I chilometri prima dell’ultima ascesa, verso il traguardo del Carosello 3000, sono talmente leggeri da passare quasi troppo in fretta.

Silenzio e rumore, il caos che hai dentro e la calma della montagna, la serenità dei passanti.

Lo faccio per me.

Lo faccio per me e per chi mi vuole bene.

È un momento identico agli altri, ma non per chi è in gara.

Serviranno giorni per far passare la sensazione di grandezza.

Servono anni per imparare a gestirne le risacche.

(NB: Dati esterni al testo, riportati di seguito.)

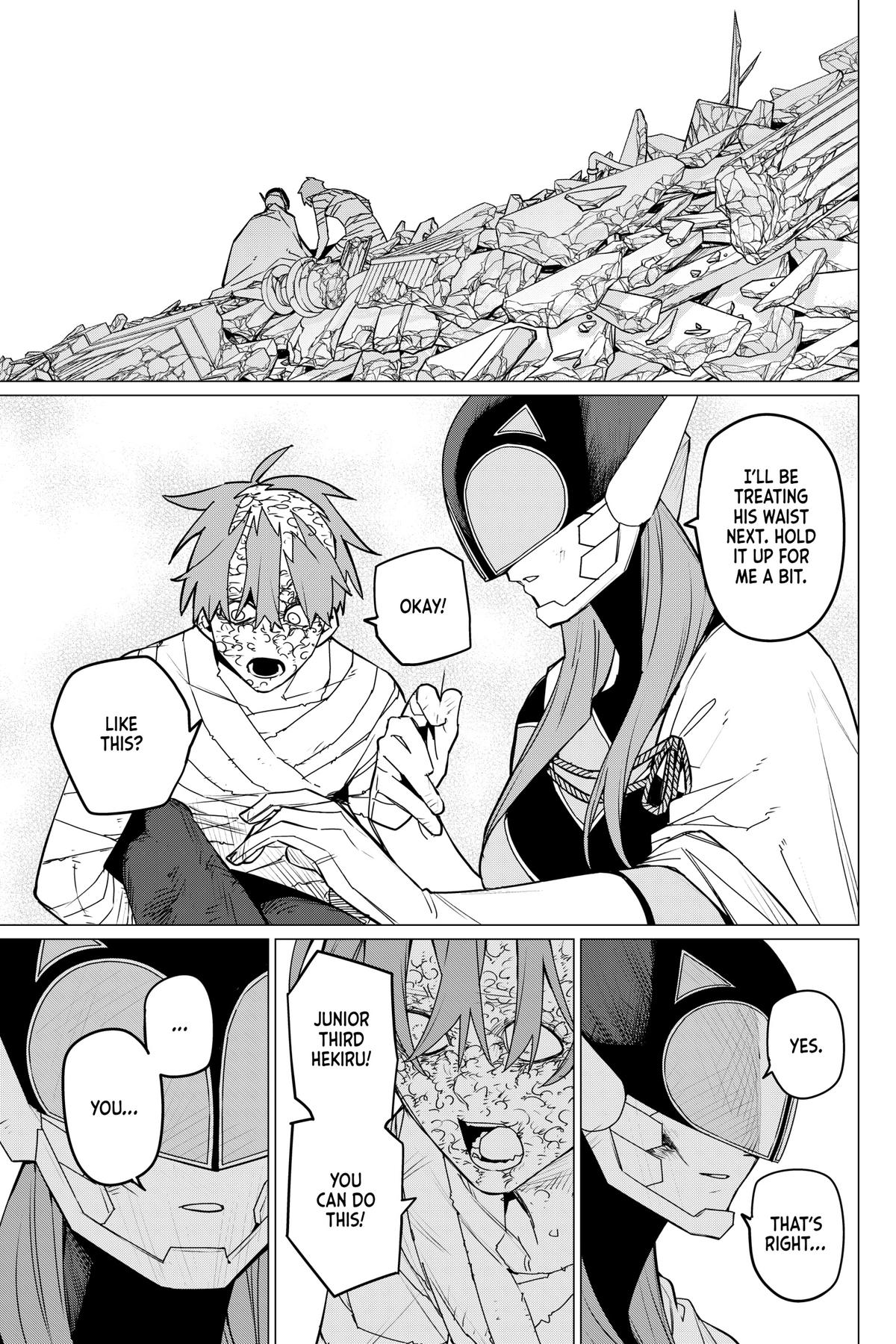 Read Go! Go! Loser Ranger! ENGLISH Manga Online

La salita conclusiva è quasi un ritorno alla partenza, con la natura che vuole riprendersi lo spazio per un’altra opinione personale. Inizia a gocciolare. Gli atleti che sono più indietro finiranno sotto i colpi di una grandinata improvvisa.

Io la evito di poco.

Sugli ultimi tornanti sterrati incrocio delle mucche irlandesi, quelle pelose, che mi guardano con fare distratto. Quando ripasserò qui, in inverno e col gelo, mi restituiranno lo stesso identico sguardo imprigrito.

Arrivo ai cento metri, sfiancato da oltre 12 ore di fatica, ma col passo molto più leggero di quello che avevo in partenza. Lascio i bastoni e lo zaino ai componenti della mia squadra e cerco di chiudere su una nota alta.

In cima.

Se vinci Icon il traguardo non lo tagli, ma lo sollevi al cielo, in modo che anche chi arriva dopo di te, e alcuni lo faranno nel cuore della notte, possa alzarlo a sua volta.

 

Mi circondano in tanti, mi circondano tutti quelli a cui voglio bene, quelli che conoscono la misura della mia sofferenza e della mia solitudine.

Quelli che non mi sono stati a fianco 13 ore, ma una vita intera.

Vorrei dir loro “grazie”, uno per uno.

Ma non faccio in tempo, perché lo dicono prima di me.

Tutti quelli che affrontano l’ironman più duro del Mondo lo fanno per rispondere ad un’esigenza profonda, nascosta alla vista degli altri. È un bisogno che bussa dentro, che magari non sai esprimere a parole, e che puoi soddisfare solo nella fatica silente.

Il mio bisogno ha un nome ed un cognome, un testimone difficile da portare avanti.

Ma oggi è una giornata perfetta.

Sono quello che torna a casa con la borsa piena, col cuore più gonfio, con gli occhi più stanchi.

Perché nonostante tutto quello che è successo, io sono ancora fortunato.